Scraped caption text data:
------

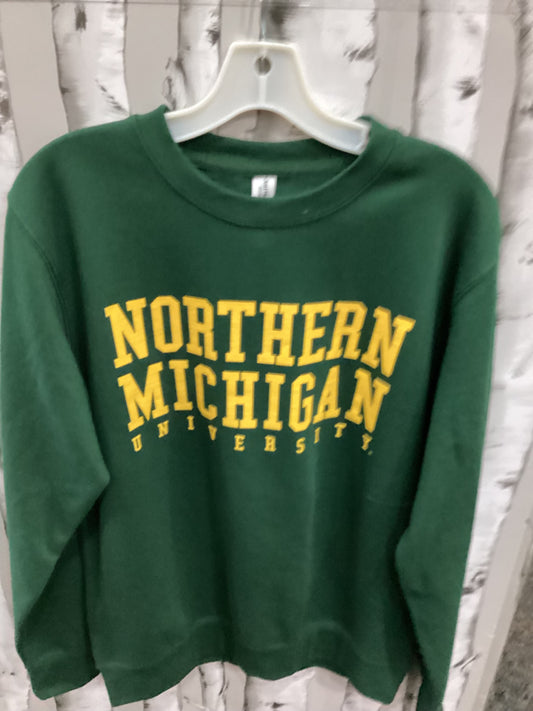 NMU Crew - S-Hunter Green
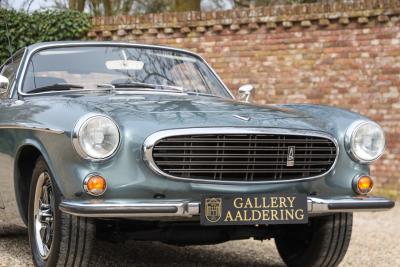 1970 Volvo P1800E Coupe Overdrive &ldquo;Skillfully restored with meticulous care&rdquo;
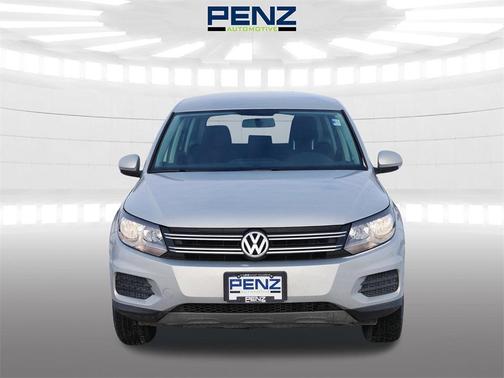 2014 Volkswagen Tiguan Auto S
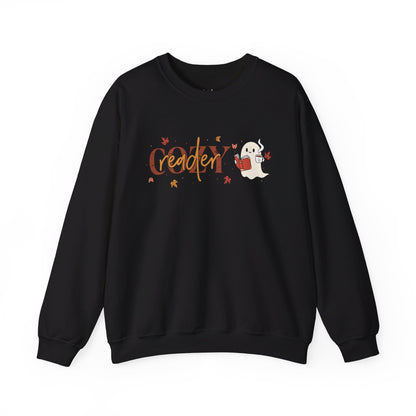 Cozy Reader Crewneck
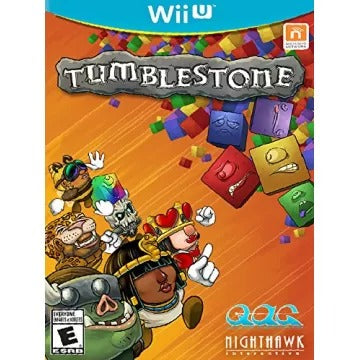 Tumblestone Wii U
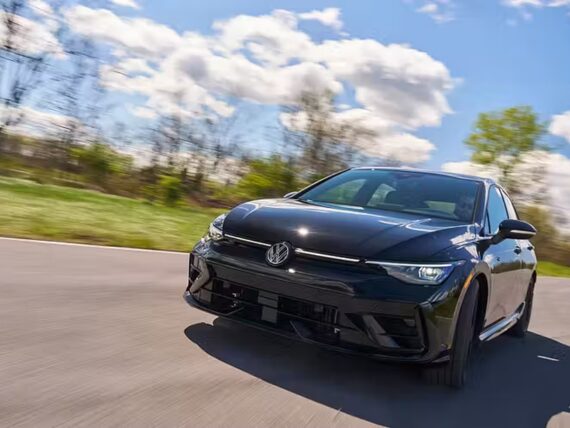 VW Golf R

------

## What the exercise asks
Each record needs to be reproduced exactly, and no image should be carried over.

## Solution to this problem
 NMU Crew - S-Hunter Green
 1970 Volvo P1800E Coupe Overdrive &ldquo;Skillfully restored with meticulous care&rdquo;
 2014 Volkswagen Tiguan Auto S
 Cozy Reader Crewneck
 Tumblestone Wii U
 VW Golf R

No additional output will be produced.